The lateral geniculate nucleus is a relay centre on the visual pathway from the eyeball to the human brain. It receives a major sensory input from the retina via the axons of ganglion cells.

  • The thalamus which houses the lateral geniculate nucleus is a small structure within the brain, located just above the brain stem between the cerebral cortex and the midbrain and has extensive nerve connections to both.
  • The lateral geniculate nucleus is the central connection for the optic nerve to the occipital lobe, particularly the primary visual cortex.
  • Both the left and right hemispheres of the brain have a lateral geniculate nucleus.
  • There are three major cell types in the lateral geniculate nucleus which connect to three distinct types of ganglion cells:
    • P ganglion cells send axons to the parvocellular layer of the lateral geniculate nucleus.

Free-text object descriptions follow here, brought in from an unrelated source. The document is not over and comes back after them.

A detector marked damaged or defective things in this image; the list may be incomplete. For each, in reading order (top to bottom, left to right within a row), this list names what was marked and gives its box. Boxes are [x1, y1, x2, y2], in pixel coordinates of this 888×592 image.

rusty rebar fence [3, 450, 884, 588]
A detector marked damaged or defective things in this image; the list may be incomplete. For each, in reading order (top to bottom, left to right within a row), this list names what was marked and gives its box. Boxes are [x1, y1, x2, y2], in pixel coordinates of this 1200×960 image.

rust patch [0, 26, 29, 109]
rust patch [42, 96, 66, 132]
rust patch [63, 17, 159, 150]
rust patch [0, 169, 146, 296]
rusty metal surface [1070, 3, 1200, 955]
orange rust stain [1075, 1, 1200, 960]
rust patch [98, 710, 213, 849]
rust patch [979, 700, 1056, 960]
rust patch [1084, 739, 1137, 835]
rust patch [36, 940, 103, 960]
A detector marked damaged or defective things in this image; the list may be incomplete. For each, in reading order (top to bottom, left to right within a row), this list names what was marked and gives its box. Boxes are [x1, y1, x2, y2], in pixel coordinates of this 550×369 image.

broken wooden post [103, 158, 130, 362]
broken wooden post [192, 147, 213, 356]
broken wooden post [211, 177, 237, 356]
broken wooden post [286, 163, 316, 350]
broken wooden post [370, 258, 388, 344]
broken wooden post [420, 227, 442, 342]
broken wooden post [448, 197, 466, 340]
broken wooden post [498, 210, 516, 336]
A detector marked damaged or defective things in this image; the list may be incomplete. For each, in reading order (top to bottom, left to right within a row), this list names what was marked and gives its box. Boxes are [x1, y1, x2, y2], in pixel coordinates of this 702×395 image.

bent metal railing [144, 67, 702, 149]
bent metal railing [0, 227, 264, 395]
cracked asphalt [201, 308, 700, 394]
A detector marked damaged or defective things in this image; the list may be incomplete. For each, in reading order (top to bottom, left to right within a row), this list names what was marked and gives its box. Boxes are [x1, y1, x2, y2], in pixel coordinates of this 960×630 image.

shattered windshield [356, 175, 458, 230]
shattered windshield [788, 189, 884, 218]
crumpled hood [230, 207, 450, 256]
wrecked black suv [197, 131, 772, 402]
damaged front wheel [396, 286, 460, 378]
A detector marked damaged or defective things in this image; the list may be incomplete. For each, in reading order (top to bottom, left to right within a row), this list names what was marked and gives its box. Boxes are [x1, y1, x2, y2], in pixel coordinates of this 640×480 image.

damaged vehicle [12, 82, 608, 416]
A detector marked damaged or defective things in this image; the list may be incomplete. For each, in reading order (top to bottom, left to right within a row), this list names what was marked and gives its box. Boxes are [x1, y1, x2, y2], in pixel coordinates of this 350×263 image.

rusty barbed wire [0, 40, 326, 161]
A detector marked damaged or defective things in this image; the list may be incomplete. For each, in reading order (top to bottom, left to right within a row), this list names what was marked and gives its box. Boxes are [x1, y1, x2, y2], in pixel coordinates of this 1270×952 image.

    • M ganglion cells send axons to the magnocellular layer.
    • K ganglion cells send axons to a koniocellular layer.
  • The lateral geniculate nucleus specialises in calculations based on the information it receives from both the eyes and from the brain. Calculations include resolving temporal and spatial correlations between different inputs. This means that things can be organised in terms of the sequence of events over time and the relationship of things within the overall field of view.
  • Some of the correlations deal with signals received from one eye or the other. Some deal with the left and right semi-fields of view captured by both eyes. As a result, they help to produce a three-dimensional representation of the field of view of an observer.
  • Other important factors to note regarding the lateral geniculate nucleus are:
  • The lateral geniculate nucleus carries out many functions, some are directed towards the eyes, others are directed towards the brain.
  • A signal is provided to control the vergence of the two eyes so they converge at the principal plane of interest in object-space at any particular moment.
  • A signal is provided to control the focus of the eyes based on the calculated distance to the principal plane of interest.
  • Computations are achieved to determine the position of every major element in object-space relative to the principal plane. Through subsequent motion of the eyes, a larger stereoscopic mapping of the visual field is achieved.
  • A tag is provided for each major element in the central field of view of object-space. The accumulated tags are attached to the features in the merged visual fields and are forwarded to the primary visual cortex.
  • A tag is provided for each major element in the visual field describing the velocity of the major elements based on changes in position over time. The velocity tags (particularly those associated with the peripheral field of view) are also used to determine the direction the organism is moving relative to object-space.